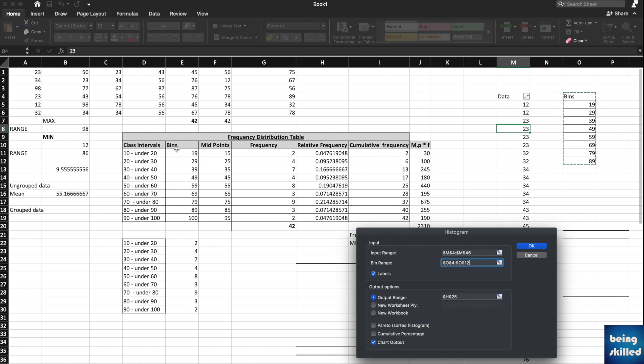Class interval is like 10 to 20, but it is not 20 actually, it is under 20. So it's like 10 to 19. 19 is the endpoint, which is the bin. You can just copy all of these bins over there.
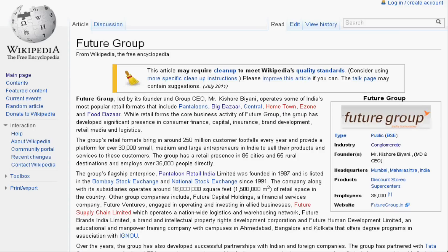Hello dear students. You know that large-scale business is a combination of different groups. When we start a group-type business, we can merge, collaborate, or acquire different types of businesses. For example, Future Group is one of the important groups in India, doing business in finance, capital, insurance, bonds, retail, and media. It has lots of subsidiaries like Big Bazaar and Food Bazaar.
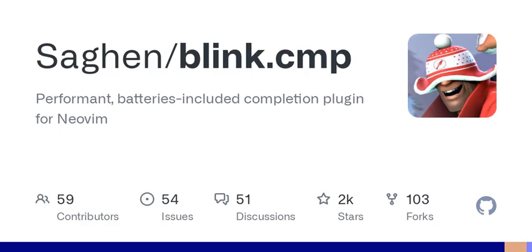Speaking of customization, let's talk about snippets. Snippets are handy shortcuts that expand into longer chunks of code. For example, typing a simple keyword could instantly turn into a multi-line function, and Blink.cmp works really well with them. You can have the editor insert snippets when you press a specific key, which saves a ton of time — but you need to make sure you have the right key mapping set up so that it all flows smoothly.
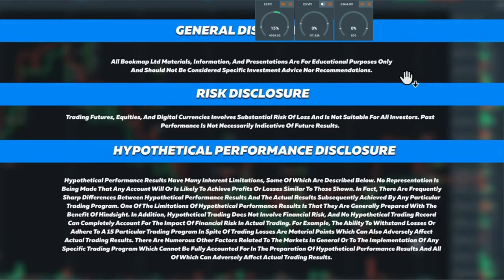General disclosure: all Bookmap limited materials, information, and presentations are for educational purposes only and should not be considered specific investment advice or recommendations. Risk disclosure: trading futures, equities, and digital currencies involves substantial risk of loss and is not suitable for all investors. Past performance is not necessarily indicative of future results. Please remember this is not a trade-calling room — this is for educational purposes only.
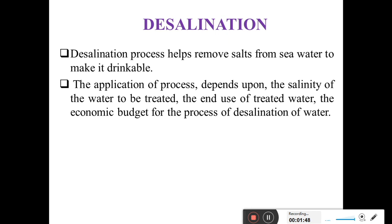There are various methods of desalination. The application of these various processes or methods depends upon the salinity of the water to be treated, the end use of the treated water, and the economic budget for the desalination process. So the salinity level, the intended use — whether industrial, drinking, or commercial — and the budget all affect which type of desalination method is chosen.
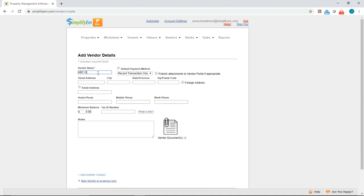Right below that you can put in a street address. I'll say that this is 989 First Street. You can put in a city, state, and zip code, and if it's a foreign address you can check mark it right here.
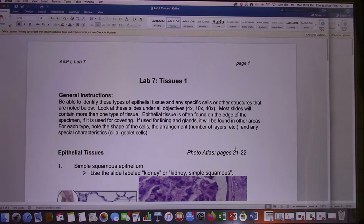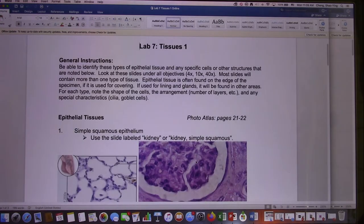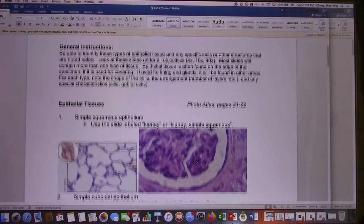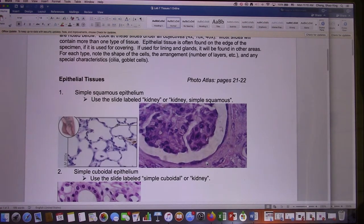We're in Lab 7, Tissue 1. In this lab you need to identify the different kinds of epithelium tissue. I will give you a slide and you need to be able to tell me what kind of epithelium tissue it is.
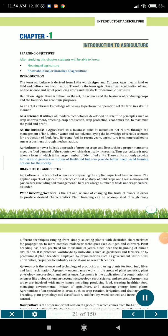Chapter 1: Introduction to Agriculture. Learning Objectives: After studying this chapter, students will be able to know the meaning of agriculture and know about the major branches of agriculture.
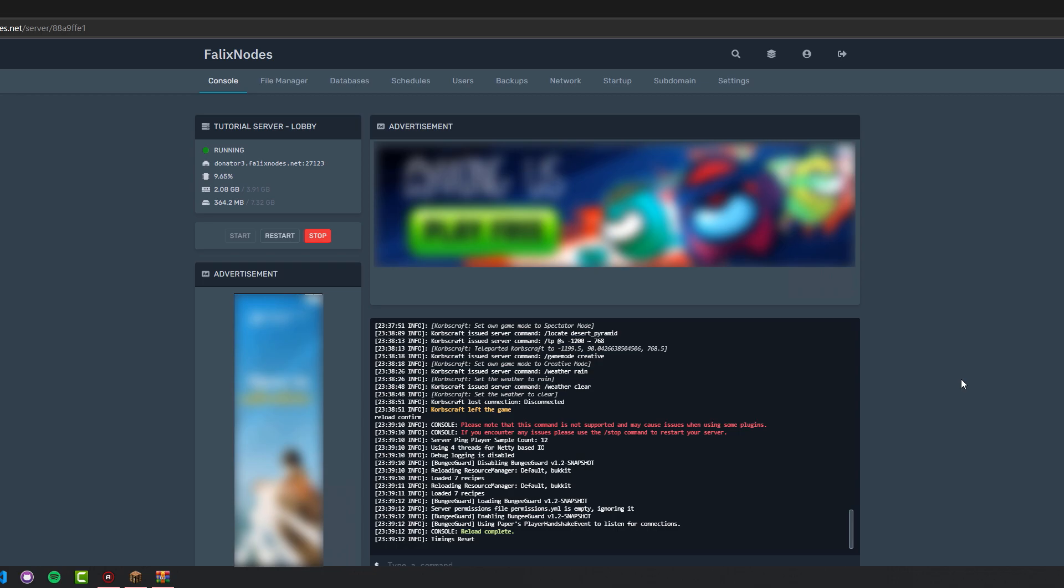A data pack is basically like installing a mod or plugin to your server, except your players don't have to install anything else. Let's get started.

■ Instructions for the task:
In your copy, include no pictures, but reproduce all records exactly.

■ Reply to the task:
Class interval is like 10 to 20, but it is not 20 actually, it is under 20. So it's like 10 to 19. 19 is the endpoint, which is the bin. You can just copy all of these bins over there.
Hello dear students. You know that large-scale business is a combination of different groups. When we start a group-type business, we can merge, collaborate, or acquire different types of businesses. For example, Future Group is one of the important groups in India, doing business in finance, capital, insurance, bonds, retail, and media. It has lots of subsidiaries like Big Bazaar and Food Bazaar.
Speaking of customization, let's talk about snippets. Snippets are handy shortcuts that expand into longer chunks of code. For example, typing a simple keyword could instantly turn into a multi-line function, and Blink.cmp works really well with them. You can have the editor insert snippets when you press a specific key, which saves a ton of time — but you need to make sure you have the right key mapping set up so that it all flows smoothly.
General disclosure: all Bookmap limited materials, information, and presentations are for educational purposes only and should not be considered specific investment advice or recommendations. Risk disclosure: trading futures, equities, and digital currencies involves substantial risk of loss and is not suitable for all investors. Past performance is not necessarily indicative of future results. Please remember this is not a trade-calling room — this is for educational purposes only.
There are various methods of desalination. The application of these various processes or methods depends upon the salinity of the water to be treated, the end use of the treated water, and the economic budget for the desalination process. So the salinity level, the intended use — whether industrial, drinking, or commercial — and the budget all affect which type of desalination method is chosen.
Right below that you can put in a street address. I'll say that this is 989 First Street. You can put in a city, state, and zip code, and if it's a foreign address you can check mark it right here.
We're in Lab 7, Tissue 1. In this lab you need to identify the different kinds of epithelium tissue. I will give you a slide and you need to be able to tell me what kind of epithelium tissue it is.
Chapter 1: Introduction to Agriculture. Learning Objectives: After studying this chapter, students will be able to know the meaning of agriculture and know about the major branches of agriculture.
A data pack is basically like installing a mod or plugin to your server, except your players don't have to install anything else. Let's get started.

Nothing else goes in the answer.